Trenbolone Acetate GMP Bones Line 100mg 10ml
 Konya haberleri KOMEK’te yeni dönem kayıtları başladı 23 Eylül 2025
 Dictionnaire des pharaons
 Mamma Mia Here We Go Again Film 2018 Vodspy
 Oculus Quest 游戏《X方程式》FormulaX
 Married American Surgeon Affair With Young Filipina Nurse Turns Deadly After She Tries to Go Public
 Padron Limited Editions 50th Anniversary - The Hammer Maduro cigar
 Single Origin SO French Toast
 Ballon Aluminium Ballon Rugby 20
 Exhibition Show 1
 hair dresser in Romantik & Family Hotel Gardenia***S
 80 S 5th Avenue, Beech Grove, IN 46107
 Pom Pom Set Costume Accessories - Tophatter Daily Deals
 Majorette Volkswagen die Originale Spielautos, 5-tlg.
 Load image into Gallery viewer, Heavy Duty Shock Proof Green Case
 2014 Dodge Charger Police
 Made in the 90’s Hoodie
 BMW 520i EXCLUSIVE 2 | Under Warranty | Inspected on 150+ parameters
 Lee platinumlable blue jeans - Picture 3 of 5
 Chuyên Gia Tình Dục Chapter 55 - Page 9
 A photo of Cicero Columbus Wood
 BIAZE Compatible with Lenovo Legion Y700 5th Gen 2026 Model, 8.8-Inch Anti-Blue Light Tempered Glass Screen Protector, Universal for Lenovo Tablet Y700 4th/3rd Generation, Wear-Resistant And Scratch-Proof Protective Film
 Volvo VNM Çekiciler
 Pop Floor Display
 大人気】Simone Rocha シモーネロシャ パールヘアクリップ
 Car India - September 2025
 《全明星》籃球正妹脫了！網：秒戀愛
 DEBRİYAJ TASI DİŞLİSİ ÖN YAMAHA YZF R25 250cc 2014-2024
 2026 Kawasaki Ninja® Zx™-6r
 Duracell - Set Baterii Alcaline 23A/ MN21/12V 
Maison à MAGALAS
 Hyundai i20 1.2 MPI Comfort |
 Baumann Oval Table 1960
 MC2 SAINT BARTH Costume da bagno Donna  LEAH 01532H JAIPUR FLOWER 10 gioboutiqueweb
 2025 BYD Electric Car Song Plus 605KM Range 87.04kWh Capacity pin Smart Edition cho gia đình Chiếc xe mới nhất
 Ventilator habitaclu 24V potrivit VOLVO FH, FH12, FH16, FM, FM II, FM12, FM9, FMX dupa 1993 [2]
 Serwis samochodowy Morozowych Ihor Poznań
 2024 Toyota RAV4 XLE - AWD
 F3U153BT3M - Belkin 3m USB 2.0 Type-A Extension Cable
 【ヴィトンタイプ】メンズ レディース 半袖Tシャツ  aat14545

● Problem requirements
The required output is the exact run of lines from the beginning of the records to the line with "Oculus Quest 游戏《X方程式》FormulaX", that line included.

● Task solution
Trenbolone Acetate GMP Bones Line 100mg 10ml
 Konya haberleri KOMEK’te yeni dönem kayıtları başladı 23 Eylül 2025
 Dictionnaire des pharaons
 Mamma Mia Here We Go Again Film 2018 Vodspy
 Oculus Quest 游戏《X方程式》FormulaX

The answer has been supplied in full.